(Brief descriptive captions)
☆ ☆ ☆ ☆
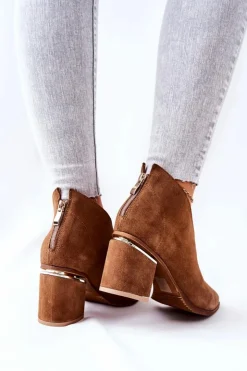 Laura Messi Botki Wiosenne|Botki Na Słupku*Botki Skórzane Na Obcasie Brązowe 2344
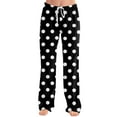 thumbnail image 5 of Swuxness Women Casual Pajamas Pants, Womens Fall Long Pants, Women's Print Elastic Waist Comfortable Sleep Pajama Pants with Drawstring and Pockets Black, XXL, 5 of 5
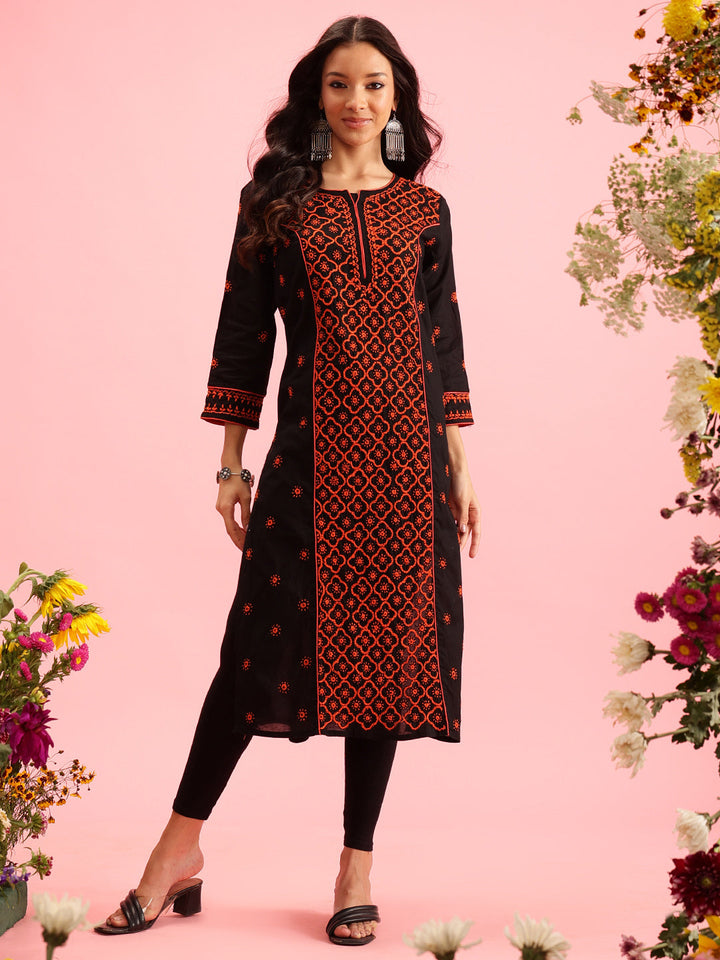 Black & Peach Sustainable Cotton Chikankari Kurta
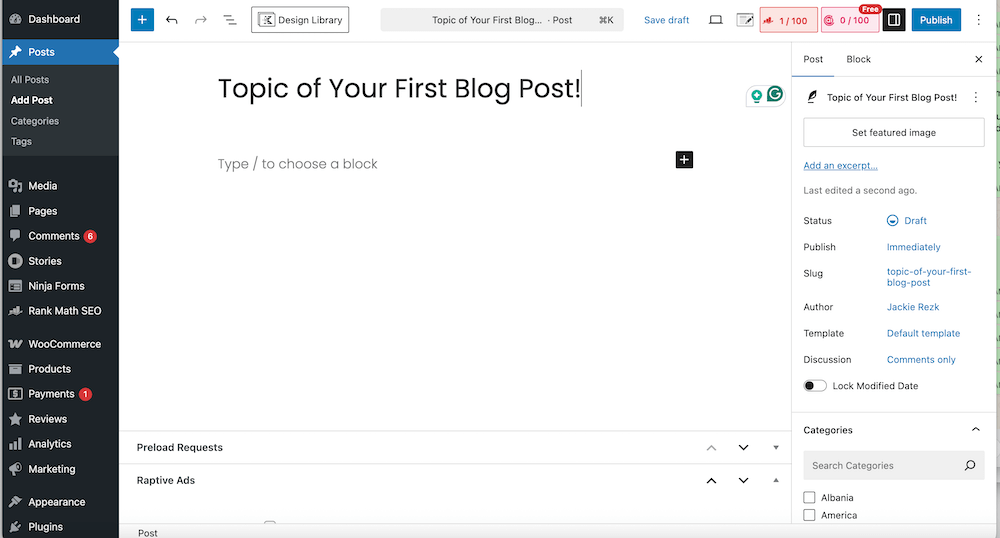 writing your first blog post tips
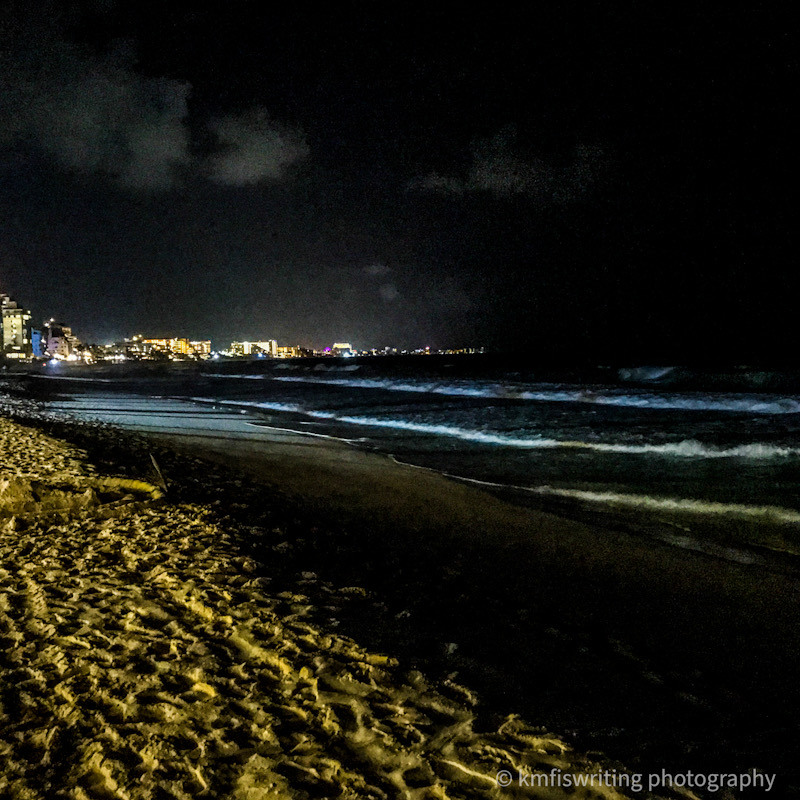 Cancun shoreline and skyline at night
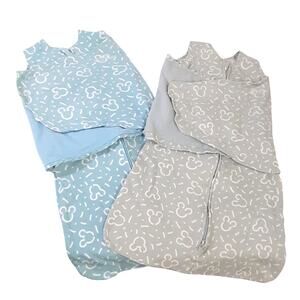 Halo Sleep Sack Swaddles Disney Baby Mickey Mouse 2pc Blue & Gray Gender Neutral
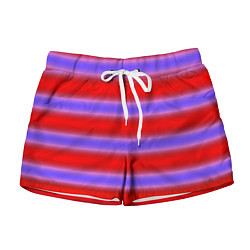 Шорты женские Striped pattern мягкие размытые полосы красные фио, цвет: 3D-принт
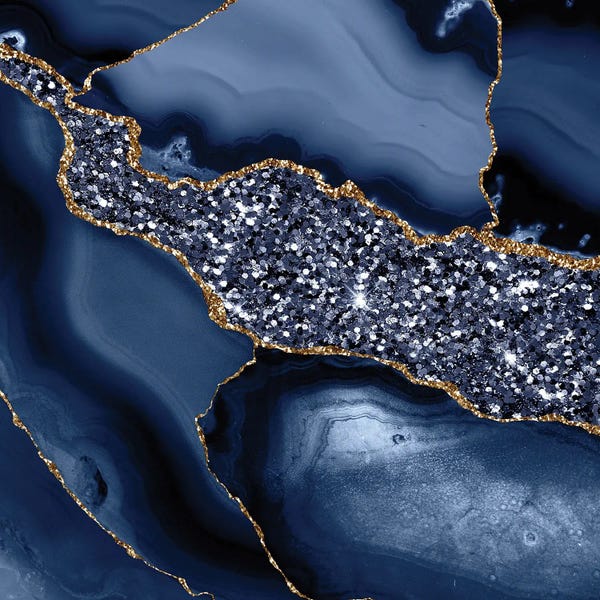 Agates, Geodes & Minerals: Agate Glitter Ocean Texture V by Aloke Design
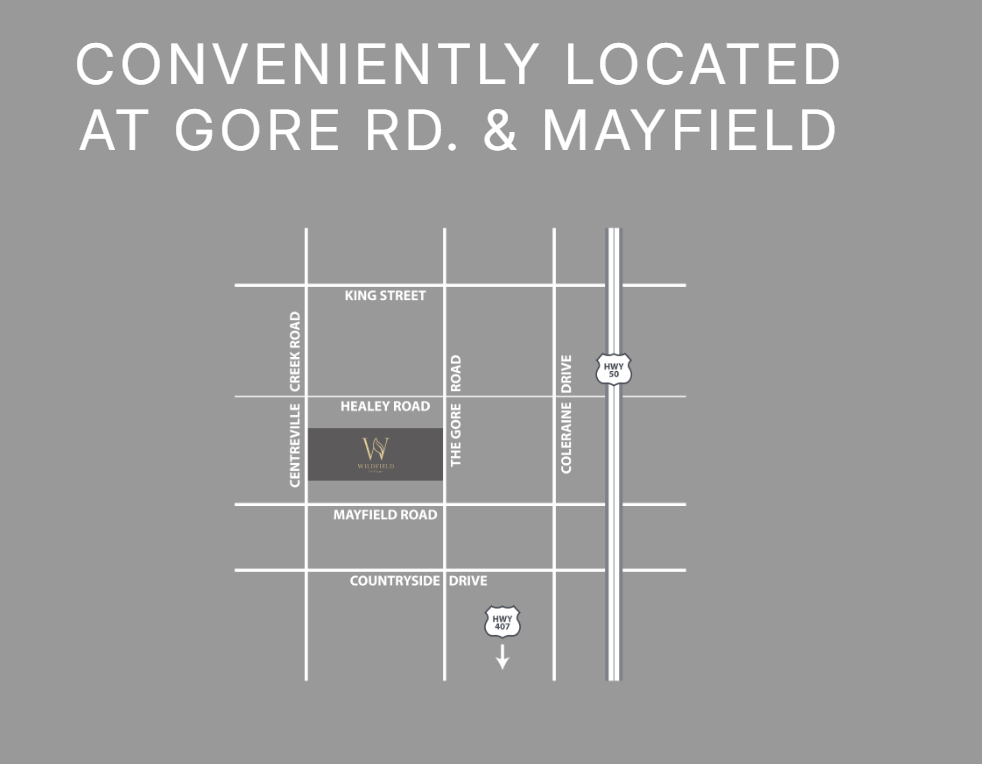Wildfield Village location map — Gore Road & Mayfield, Caledon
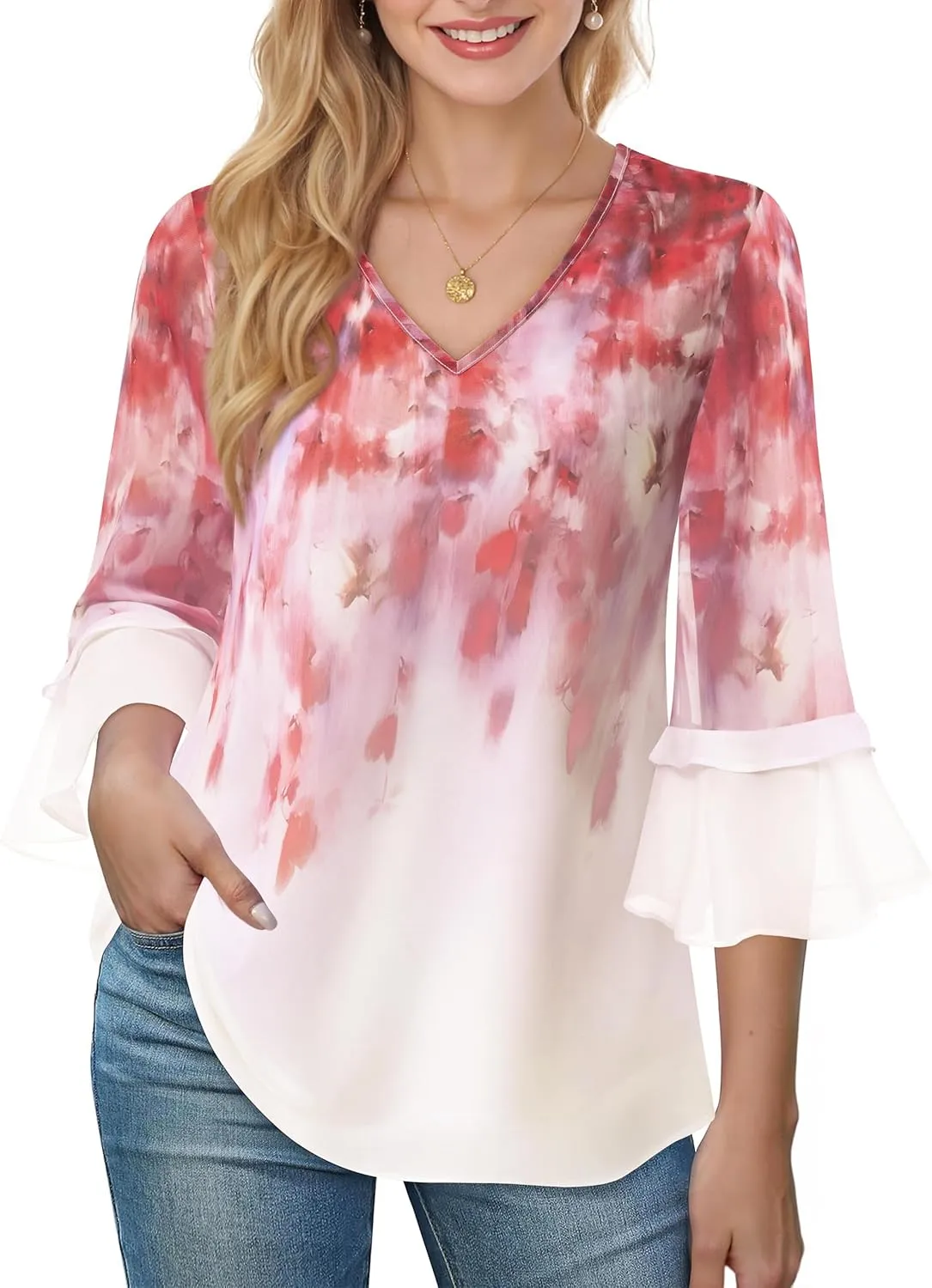 Bebonnie Womens Dressy Casual Tops Ruffle 3/4 Sleeve V Neck Floral Chiffon Blouses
☆ ☆ ☆ ☆
Your instructions.
Exact copy, no pictures: reproduce every record as it stands.

Completed exercise.
 Laura Messi Botki Wiosenne|Botki Na Słupku*Botki Skórzane Na Obcasie Brązowe 2344
 thumbnail image 5 of Swuxness Women Casual Pajamas Pants, Womens Fall Long Pants, Women's Print Elastic Waist Comfortable Sleep Pajama Pants with Drawstring and Pockets Black, XXL, 5 of 5
 Black & Peach Sustainable Cotton Chikankari Kurta
 writing your first blog post tips
 Cancun shoreline and skyline at night
 Halo Sleep Sack Swaddles Disney Baby Mickey Mouse 2pc Blue & Gray Gender Neutral
 Шорты женские Striped pattern мягкие размытые полосы красные фио, цвет: 3D-принт
 Agates, Geodes & Minerals: Agate Glitter Ocean Texture V by Aloke Design
Wildfield Village location map — Gore Road & Mayfield, Caledon
 Bebonnie Womens Dressy Casual Tops Ruffle 3/4 Sleeve V Neck Floral Chiffon Blouses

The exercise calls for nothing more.